Top of ENTRIES PROVIDED
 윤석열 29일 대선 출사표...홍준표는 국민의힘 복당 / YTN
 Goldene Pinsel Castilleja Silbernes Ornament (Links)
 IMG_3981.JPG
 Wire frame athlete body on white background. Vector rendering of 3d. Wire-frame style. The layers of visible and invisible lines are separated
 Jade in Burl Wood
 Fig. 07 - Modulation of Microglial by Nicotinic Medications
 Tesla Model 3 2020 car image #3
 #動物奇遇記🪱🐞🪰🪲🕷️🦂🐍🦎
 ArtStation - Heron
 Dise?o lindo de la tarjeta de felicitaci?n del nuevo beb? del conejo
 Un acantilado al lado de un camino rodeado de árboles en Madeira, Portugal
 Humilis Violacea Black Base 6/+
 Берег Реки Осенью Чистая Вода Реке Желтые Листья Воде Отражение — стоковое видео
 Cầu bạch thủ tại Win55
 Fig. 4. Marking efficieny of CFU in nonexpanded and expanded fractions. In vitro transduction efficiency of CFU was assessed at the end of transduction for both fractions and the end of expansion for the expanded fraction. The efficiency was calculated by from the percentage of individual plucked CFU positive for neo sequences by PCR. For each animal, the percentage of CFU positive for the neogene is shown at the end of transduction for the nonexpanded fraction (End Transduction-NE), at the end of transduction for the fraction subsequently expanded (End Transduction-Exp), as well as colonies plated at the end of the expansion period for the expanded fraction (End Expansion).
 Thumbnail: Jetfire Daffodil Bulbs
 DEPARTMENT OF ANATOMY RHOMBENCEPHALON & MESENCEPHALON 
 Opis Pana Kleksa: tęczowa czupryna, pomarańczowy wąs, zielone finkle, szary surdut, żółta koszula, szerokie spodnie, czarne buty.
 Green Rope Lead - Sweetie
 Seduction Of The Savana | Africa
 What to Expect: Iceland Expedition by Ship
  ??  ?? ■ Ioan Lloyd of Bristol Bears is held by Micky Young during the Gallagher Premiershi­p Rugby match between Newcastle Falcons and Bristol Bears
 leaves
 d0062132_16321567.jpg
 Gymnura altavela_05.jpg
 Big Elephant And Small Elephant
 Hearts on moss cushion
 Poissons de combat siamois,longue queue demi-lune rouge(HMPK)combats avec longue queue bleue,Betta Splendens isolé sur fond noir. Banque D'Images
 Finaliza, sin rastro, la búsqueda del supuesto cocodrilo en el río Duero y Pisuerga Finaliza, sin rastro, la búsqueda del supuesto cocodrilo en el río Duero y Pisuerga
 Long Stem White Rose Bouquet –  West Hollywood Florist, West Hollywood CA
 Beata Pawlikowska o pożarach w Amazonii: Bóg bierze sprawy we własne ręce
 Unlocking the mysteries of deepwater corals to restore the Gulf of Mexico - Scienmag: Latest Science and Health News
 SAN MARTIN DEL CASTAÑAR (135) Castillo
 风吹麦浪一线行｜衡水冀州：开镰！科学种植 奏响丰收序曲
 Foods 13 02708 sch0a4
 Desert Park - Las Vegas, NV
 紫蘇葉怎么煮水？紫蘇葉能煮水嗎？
Bottom of ENTRIES PROVIDED
▶ **WORK INSTRUCTIONS**
With no line omitted, copy all the data exactly.

▶ **TASK SOLUTION**
 윤석열 29일 대선 출사표...홍준표는 국민의힘 복당 / YTN
 Goldene Pinsel Castilleja Silbernes Ornament (Links)
 IMG_3981.JPG
 Wire frame athlete body on white background. Vector rendering of 3d. Wire-frame style. The layers of visible and invisible lines are separated
 Jade in Burl Wood
 Fig. 07 - Modulation of Microglial by Nicotinic Medications
 Tesla Model 3 2020 car image #3
 #動物奇遇記🪱🐞🪰🪲🕷️🦂🐍🦎
 ArtStation - Heron
 Dise?o lindo de la tarjeta de felicitaci?n del nuevo beb? del conejo
 Un acantilado al lado de un camino rodeado de árboles en Madeira, Portugal
 Humilis Violacea Black Base 6/+
 Берег Реки Осенью Чистая Вода Реке Желтые Листья Воде Отражение — стоковое видео
 Cầu bạch thủ tại Win55
 Fig. 4. Marking efficieny of CFU in nonexpanded and expanded fractions. In vitro transduction efficiency of CFU was assessed at the end of transduction for both fractions and the end of expansion for the expanded fraction. The efficiency was calculated by from the percentage of individual plucked CFU positive for neo sequences by PCR. For each animal, the percentage of CFU positive for the neogene is shown at the end of transduction for the nonexpanded fraction (End Transduction-NE), at the end of transduction for the fraction subsequently expanded (End Transduction-Exp), as well as colonies plated at the end of the expansion period for the expanded fraction (End Expansion).
 Thumbnail: Jetfire Daffodil Bulbs
 DEPARTMENT OF ANATOMY RHOMBENCEPHALON & MESENCEPHALON 
 Opis Pana Kleksa: tęczowa czupryna, pomarańczowy wąs, zielone finkle, szary surdut, żółta koszula, szerokie spodnie, czarne buty.
 Green Rope Lead - Sweetie
 Seduction Of The Savana | Africa
 What to Expect: Iceland Expedition by Ship
  ??  ?? ■ Ioan Lloyd of Bristol Bears is held by Micky Young during the Gallagher Premiershi­p Rugby match between Newcastle Falcons and Bristol Bears
 leaves
 d0062132_16321567.jpg
 Gymnura altavela_05.jpg
 Big Elephant And Small Elephant
 Hearts on moss cushion
 Poissons de combat siamois,longue queue demi-lune rouge(HMPK)combats avec longue queue bleue,Betta Splendens isolé sur fond noir. Banque D'Images
 Finaliza, sin rastro, la búsqueda del supuesto cocodrilo en el río Duero y Pisuerga Finaliza, sin rastro, la búsqueda del supuesto cocodrilo en el río Duero y Pisuerga
 Long Stem White Rose Bouquet –  West Hollywood Florist, West Hollywood CA
 Beata Pawlikowska o pożarach w Amazonii: Bóg bierze sprawy we własne ręce
 Unlocking the mysteries of deepwater corals to restore the Gulf of Mexico - Scienmag: Latest Science and Health News
 SAN MARTIN DEL CASTAÑAR (135) Castillo
 风吹麦浪一线行｜衡水冀州：开镰！科学种植 奏响丰收序曲
 Foods 13 02708 sch0a4
 Desert Park - Las Vegas, NV
 紫蘇葉怎么煮水？紫蘇葉能煮水嗎？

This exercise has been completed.